[Linux-cluster] stop responding rgmanager

Tue Jan 20 11:42:48 UTC 2009

Ghe Rivero wrote:
> Hi everyone,
>     i've been fighting the last days with a 2-node cluster, but 
> finally i quit.
> I'm having problems with the clurgmgrd daemon. It stop responding  
> when i restart the cluster (just the cluster, not the services or the 
> nodes) and become unkillable. The only way to revert this situation 
> it's restarting the nodes but as you can imagine that's not a solution.
>
> I'm using conga to config it. Any ideas?
>
> Ghe Rivero
> <?xml version="1.0"?>
> <cluster alias="AAA" config_version="14" name="AAA">
>         <quorumd interval="3" label="quorumlnx" 
> status_file="/tmp/qdisk-status" tko="23" votes="1"/>
>         <cman deadnode_timeout="135" expected_nodes="3"/>
>         <fence_daemon clean_start="0" post_fail_delay="0" 
> post_join_delay="3"/>
>         <clusternodes>
>                 <clusternode name="node1.fqdn" nodeid="1" votes="1">
>                         <fence>
>                                 <method name="1">
>                                         <device name="iLO-node1"/>
>                                 </method>
>                         </fence>
>                 </clusternode>
>                 <clusternode name="node2.fqdn" nodeid="2" votes="1">
>                         <fence>
>                                 <method name="1">
>                                         <device name="iLO-node2"/>
>                                 </method>
>                         </fence>
>                 </clusternode>
>         </clusternodes>
>         <cman expected_votes="3" two_node="0"/>
>         <fencedevices>
>                 <fencedevice agent="fence_ilo" hostname="10.110.65.6" 
> login="login" name="iLO-node1" passwd="Y"/>
>                 <fencedevice agent="fence_ilo" hostname="10.110.65.7" 
> login="login" name="iLO-node2" passwd="Y"/>
>         </fencedevices>
>         <rm>
>                 <failoverdomains>
>                         <failoverdomain name="Web" ordered="1" 
> restricted="1">
>                                 <failoverdomainnode name="node1.fqdn" 
> priority="1"/>
>                                 <failoverdomainnode name="node2.fqdn" 
> priority="2"/>
>                         </failoverdomain>
>                 </failoverdomains>
>                 <resources>
>                         <script file="/etc/init.d/httpd" name="Apache"/>
>                         <ip address="10.110.65.30" monitor_link="1"/>
>                 </resources>
>                 <service autostart="1" domain="Web" exclusive="1" 
> name="Web">
>                         <script ref="Apache"/>
>                 </service>
>         </rm>
> </cluster>
>
>
>
>
>
> -- 
> .''`.  Pienso, Luego Incordio  
> : :' :  
> `. `'  
>  `-    www.debian.org <http://www.debian.org>    www.hispalinux.es 
> <http://www.hispalinux.es>
>
> GPG Key: 26F020F7
> GPG fingerprint: 4986 39DA D152 050B 4699  9A71 66DB 5A36 26F0 20F7
> ------------------------------------------------------------------------
>
> --
> Linux-cluster mailing list
> Linux-cluster at redhat.com
> https://www.redhat.com/mailman/listinfo/linux-cluster

Your cluster.conf looks a little out of whack for a 2 node cluster.  It 
looks as if it's designed for a 3 node cluster, but you've only defined 
two nodes.  This will get you in to trouble (I know from experience) :-)

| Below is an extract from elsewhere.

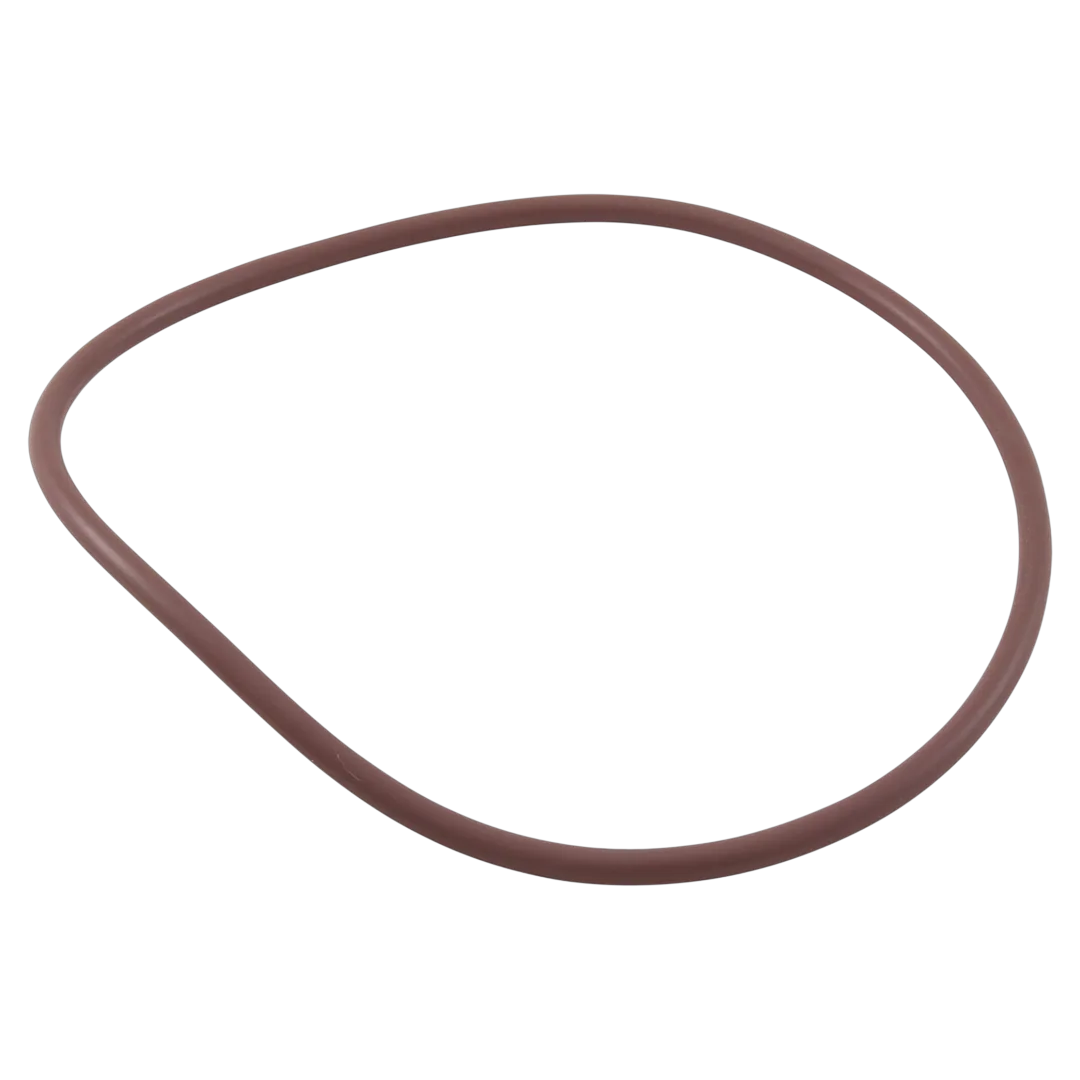 Pentair R172240Z Lid O-Ring - Reverse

You've got duplicate cman entries which do not look right (although I'm 
pretty new to RHCS myself so I wouldn't consider me an authority on the 
matter).  See <cman deadnode_timeout="135" expected_nodes="3"/> and 
<cman expected_votes="3" two_node="0"/>.

I would have thought that should be in a combined cman directive such as 
<cman deadnode_timeout=135 expected_votes="2" two_node="1"/>.  The 
expected votes would be 2, because in the event of split brain you'll 
want 1 node + quorum disk to remain a Quorate Cluster.

In my cluster.conf <cman> is defined after the </clusternodes>.  I'm not 
sure if it makes a difference, but I would suggest removing the top most 
cman directive and merge it's parameters in to the bottom directive.

Also, do you need a quorum disk?  A two node cluster can have but does 
not need one to operate.

If you don't, expected_votes=1.

See how you go.

Regards,

Stewart